INPUT MATERIAL =
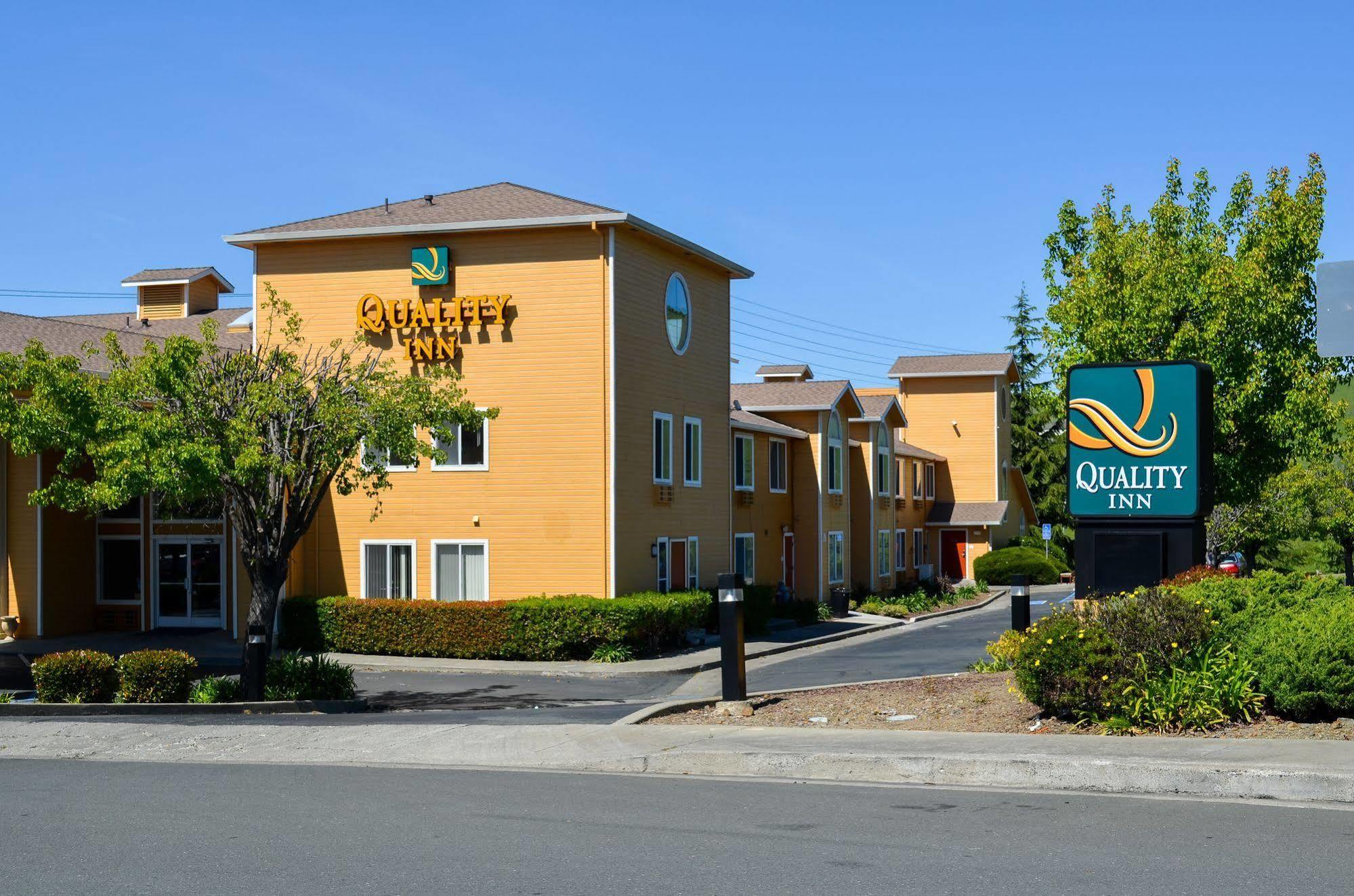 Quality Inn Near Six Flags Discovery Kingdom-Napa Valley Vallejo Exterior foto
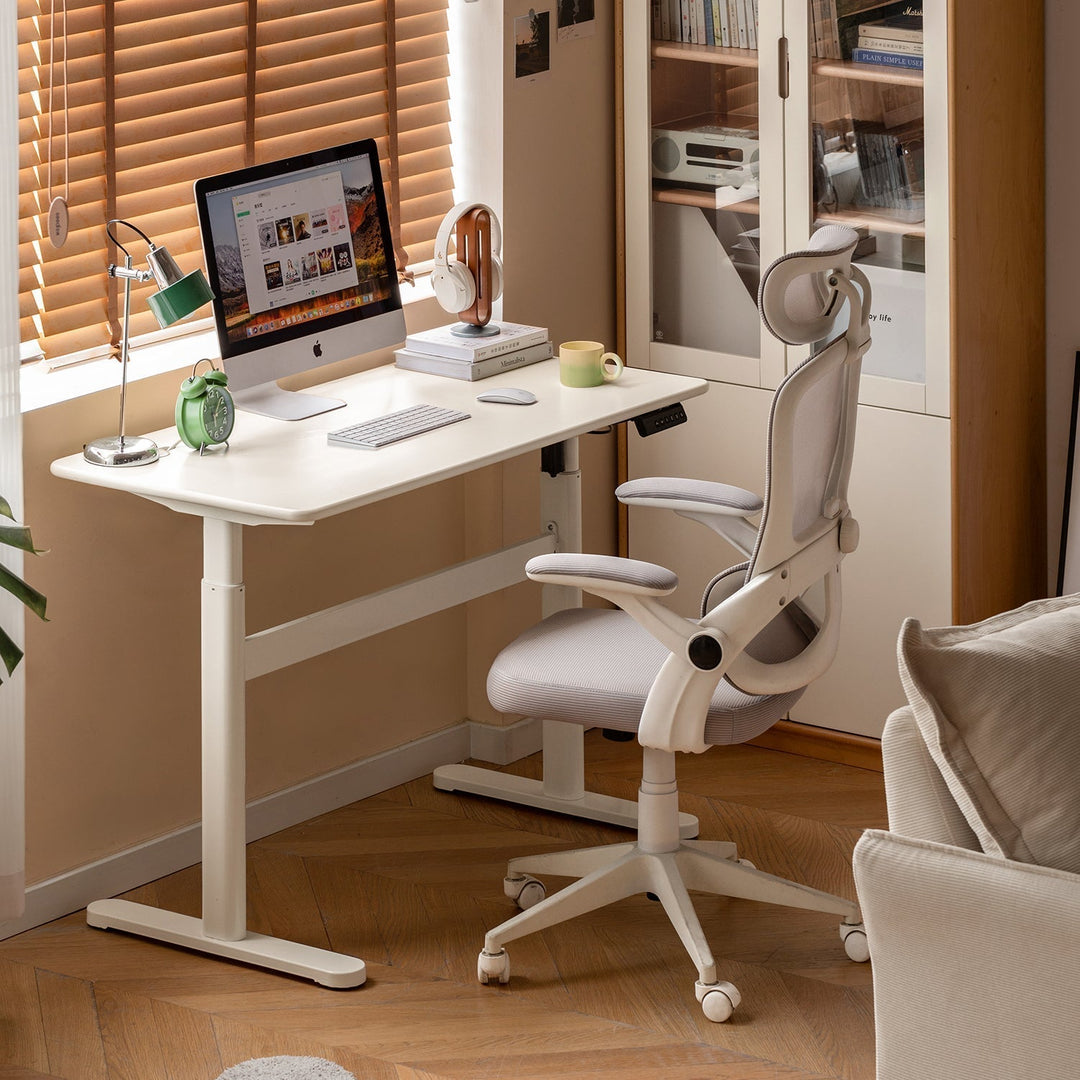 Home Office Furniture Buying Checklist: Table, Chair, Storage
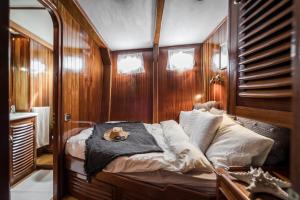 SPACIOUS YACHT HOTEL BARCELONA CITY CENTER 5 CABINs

---

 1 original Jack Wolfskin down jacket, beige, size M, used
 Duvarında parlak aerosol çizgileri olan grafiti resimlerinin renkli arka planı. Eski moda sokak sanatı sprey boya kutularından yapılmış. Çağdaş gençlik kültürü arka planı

---

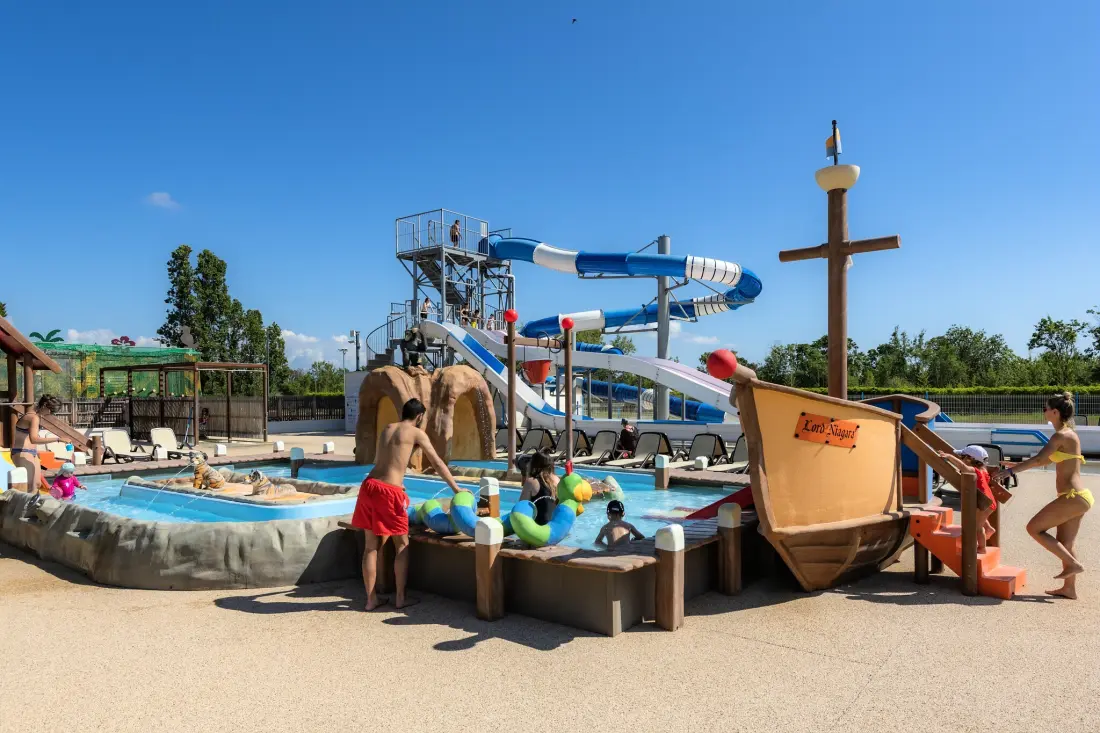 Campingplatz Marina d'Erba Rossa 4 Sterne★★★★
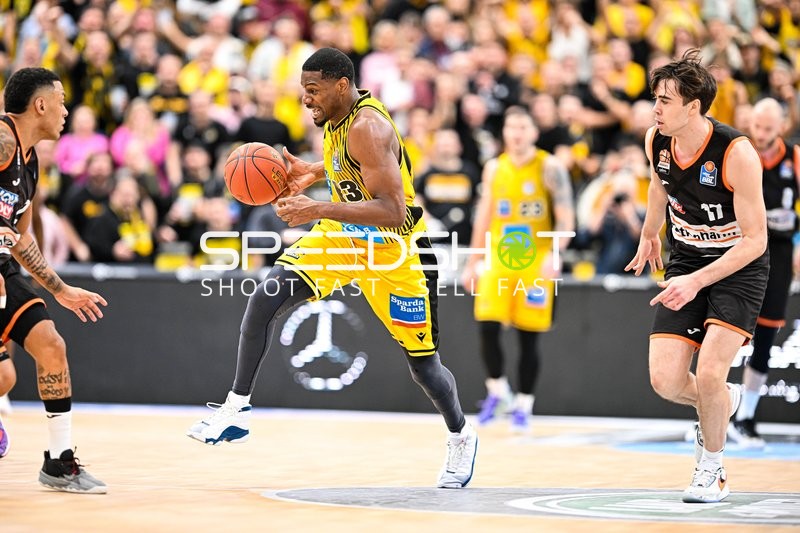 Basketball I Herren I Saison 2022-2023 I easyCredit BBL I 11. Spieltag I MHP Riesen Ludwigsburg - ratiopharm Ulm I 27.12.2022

YOUR TASK = What you give back must be the stretch above, starting at the line with "1 original Jack" and ending at the line with "Duvarında parlak aerosol", copied exactly.

WRITTEN ANSWER =
 1 original Jack Wolfskin down jacket, beige, size M, used
 Duvarında parlak aerosol çizgileri olan grafiti resimlerinin renkli arka planı. Eski moda sokak sanatı sprey boya kutularından yapılmış. Çağdaş gençlik kültürü arka planı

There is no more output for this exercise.